6.4 Variability over Time

Next we will look at the changes in variability in backscatter values over time for each of the CORINE Land Cover types. We do this by creating the following interactive plot. We can spot that backscatter in agricultural fields varies due to seasonal cycles like planting, growing, and harvesting, each of which changes vegetation structure. Changes in backscatter are strongly related to soil moisture content from irrigation or rainfall. Ultimately, phenological stages of crops and canopy moisture dynamics can affect the backscatter signal.

hv.extension("bokeh")

robust_min = var_ds.sig0.quantile(0.02).item()
robust_max = var_ds.sig0.quantile(0.98).item()

bin_edges = [
    i + j * 0.5
    for i in range(int(robust_min) - 2, int(robust_max) + 2)
    for j in range(2)
]

land_cover = {"\xa0\xa0\xa0 Complete Land Cover": 1}
land_cover.update(
    {
        f"{int(value): 02} {color_mapping[value]['label']}": int(value)
        for value in present_landcover_codes
    }
)
time = var_ds.sig0["time"].values

rangexy = RangeXY()


def load_image(time, land_cover, x_range, y_range):
    """
    Callback Function Landcover.

    Parameters
    ----------
    time: panda.datatime
        time slice
    landcover: int
        land cover type
    x_range: array_like
        longitude range
    y_range: array_like
        latitude range

    Returns
    -------
    holoviews.Image
    """

    if land_cover == "\xa0\xa0\xa0 Complete Land Cover":
        sig0_selected_ds = var_ds.sig0.sel(time=time)

    else:
        land_cover_value = int(land_cover.split()[0])
        mask_ds = var_ds.land_cover == land_cover_value
        sig0_selected_ds = var_ds.sig0.sel(time=time).where(mask_ds)

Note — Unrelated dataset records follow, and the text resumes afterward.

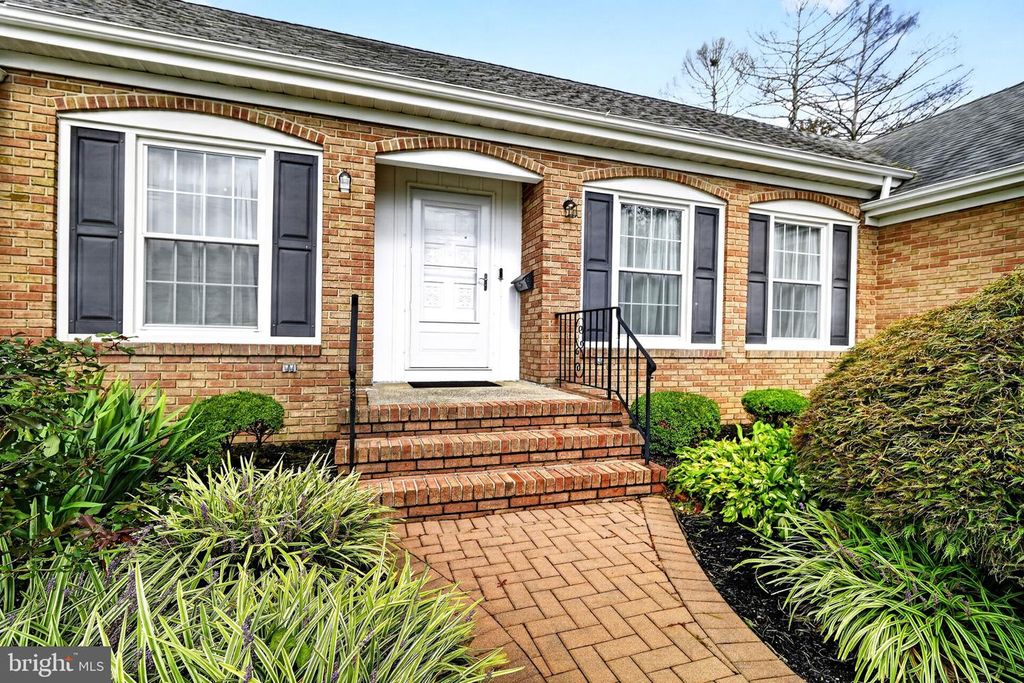 140 PLAINSBORO RD, CRANBURY, NJ 08512 — photo 3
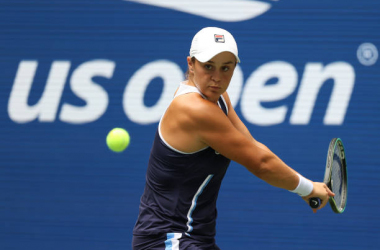 US Open: Ashleigh Barty fights past Vera Zvonareva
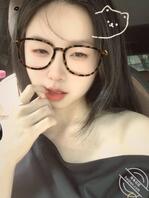 地表最强的还得是眼镜妹，最反差1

    hv_ds = hv.Dataset(sig0_selected_ds)
    img = hv_ds.to(hv.Image, ["x", "y"])

    if x_range and y_range:
        img = img.select(x=x_range, y=y_range)

    return hv.Image(img)


dmap = (
    hv.DynamicMap(load_image, kdims=["Time", "Landcover"], streams=[rangexy])
    .redim.values(Time=time, Landcover=land_cover)
    .hist(normed=True, bins=bin_edges)
)

image_opts = hv.opts.Image(
    cmap="Greys_r",
    colorbar=True,
    tools=["hover"],
    clim=(robust_min, robust_max),
    aspect="equal",
    framewise=False,
    frame_height=500,
    frame_width=500,
)

hist_opts = hv.opts.Histogram(width=350, height=555)

dmap.opts(image_opts, hist_opts)